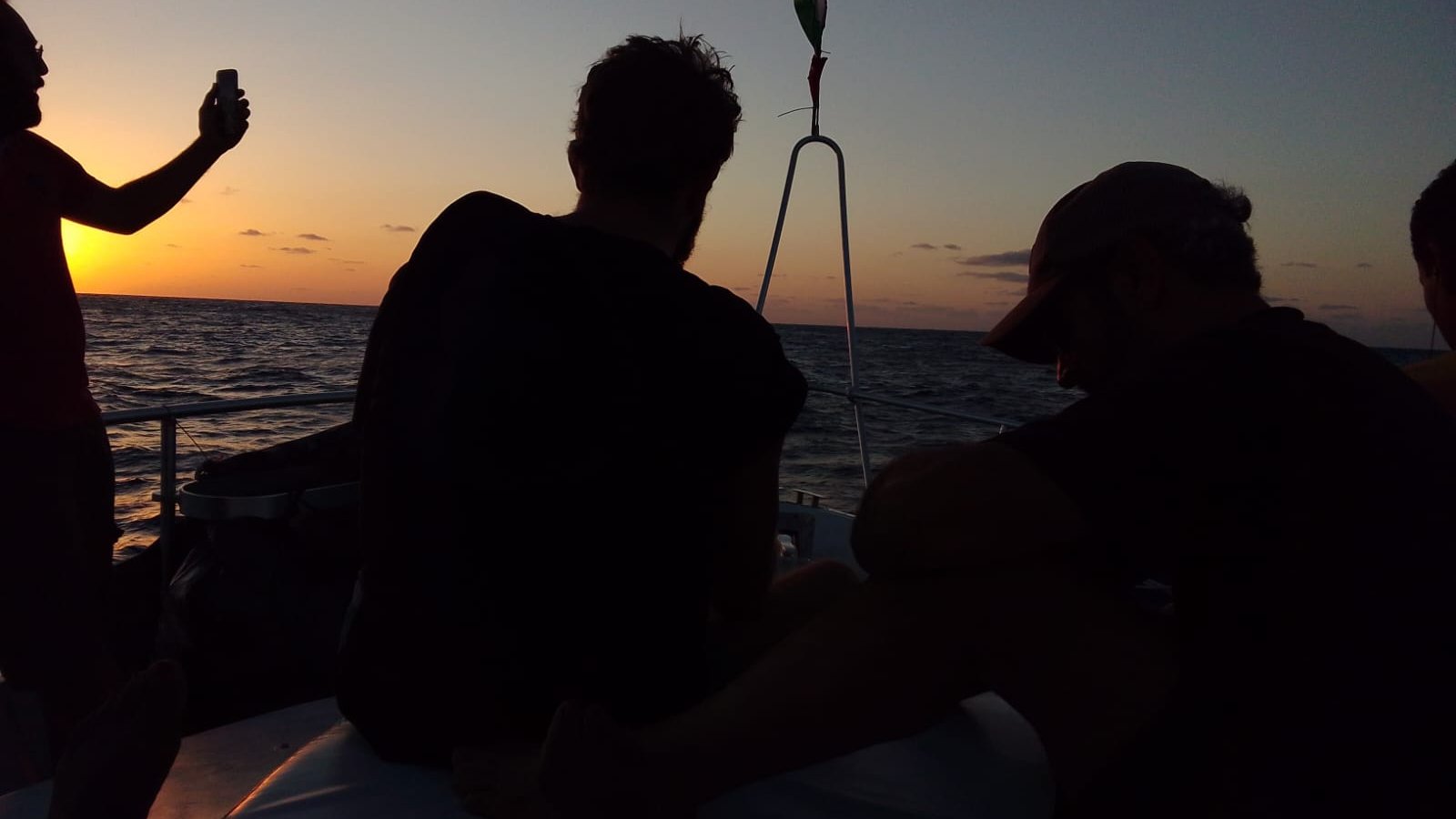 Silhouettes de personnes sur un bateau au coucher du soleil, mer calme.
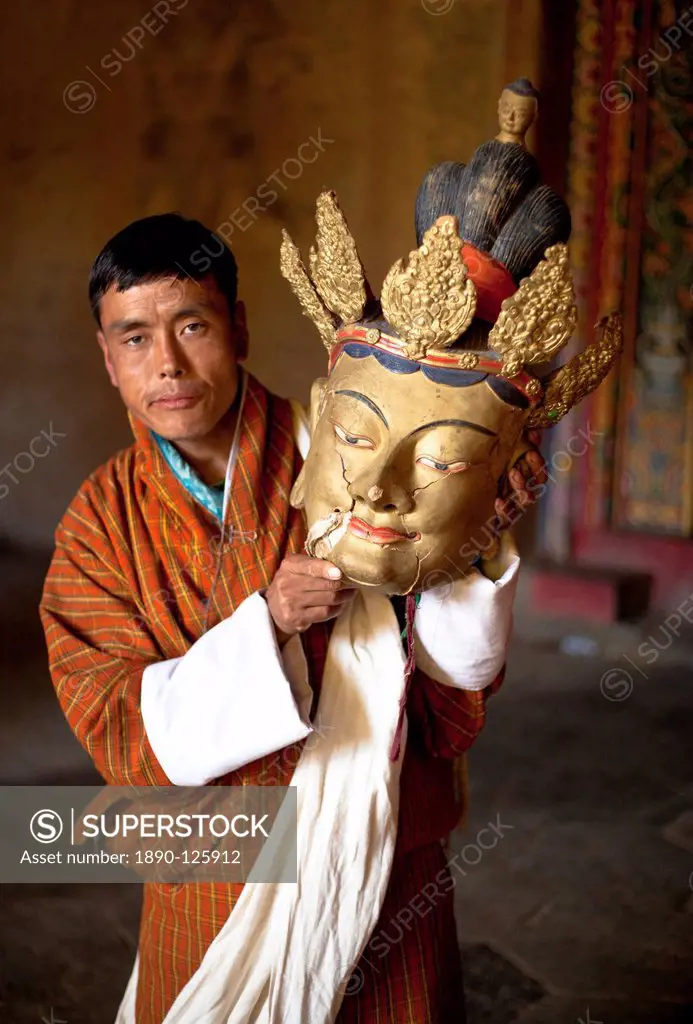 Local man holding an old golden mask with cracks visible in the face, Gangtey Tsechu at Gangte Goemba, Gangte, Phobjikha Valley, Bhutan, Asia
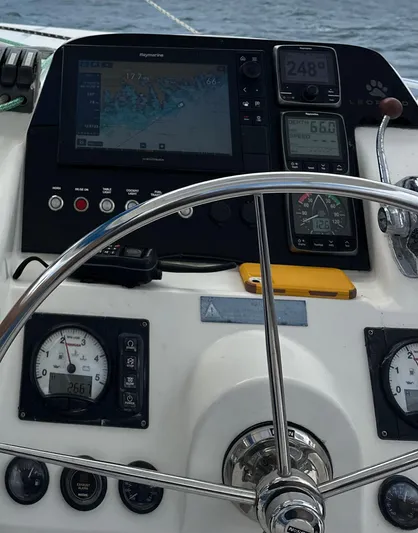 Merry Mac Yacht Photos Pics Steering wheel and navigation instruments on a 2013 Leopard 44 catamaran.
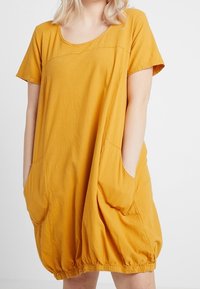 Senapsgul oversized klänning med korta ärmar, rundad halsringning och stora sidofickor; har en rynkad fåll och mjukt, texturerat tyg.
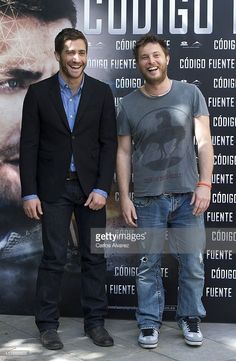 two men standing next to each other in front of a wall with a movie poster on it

- - - -

- _TASK DESCRIPTION_: Nothing but the lines from the one holding "Merry Mac Yacht" through the final line of the records above belongs in the answer, each retyped exactly; omit the pictures.

- _EXPECTED ANSWER_:
 Merry Mac Yacht Photos Pics Steering wheel and navigation instruments on a 2013 Leopard 44 catamaran.
 Senapsgul oversized klänning med korta ärmar, rundad halsringning och stora sidofickor; har en rynkad fåll och mjukt, texturerat tyg.
 two men standing next to each other in front of a wall with a movie poster on it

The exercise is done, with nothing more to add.